When a firm discovers a new technology that allows it to produce at a lower cost, the supply curve will shift to the right, as well. For instance, in the 1960s a major scientific effort nicknamed the Green Revolution focused on breeding improved seeds for basic crops like wheat and rice. By the early 1990s, more than two-thirds of the wheat and rice in low-income countries around the world was grown with these Green Revolution seeds – and the harvest was twice as high per acre. A technological improvement that reduces costs of production will shift supply to the right, so that a greater quantity will be produced at any given price.
Government policies can affect the cost of production and the supply curve through taxes, regulations, and subsidies.

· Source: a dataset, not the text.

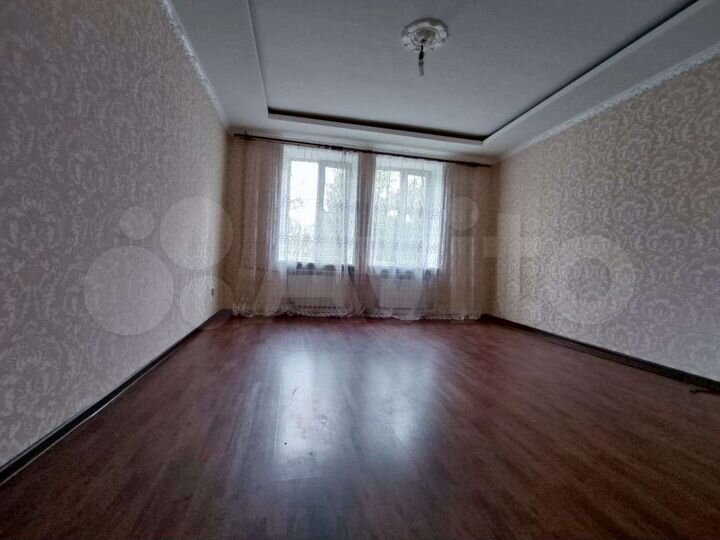 2-к. квартира, 58,5 м², 1/2 эт.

For example, the U.S. government imposes a tax on alcoholic beverages that collects about $8 billion per year from producers. Taxes are treated as costs by businesses. Higher costs decrease supply for the reasons discussed above. Other examples of policy that can affect cost are the wide array of government regulations that require firms to spend money to provide a cleaner environment or a safer workplace; complying with regulations increases the cost of producing any level of output.
A government subsidy, on the other hand, is the opposite of a tax. A subsidy occurs when the government pays a firm directly or reduces the firm's taxes if the firm carries out certain actions. From the firm's perspective, subsidies are an offset to costs; they essentially reduce the cost of production and increase supply at every given price, shifting supply to the right.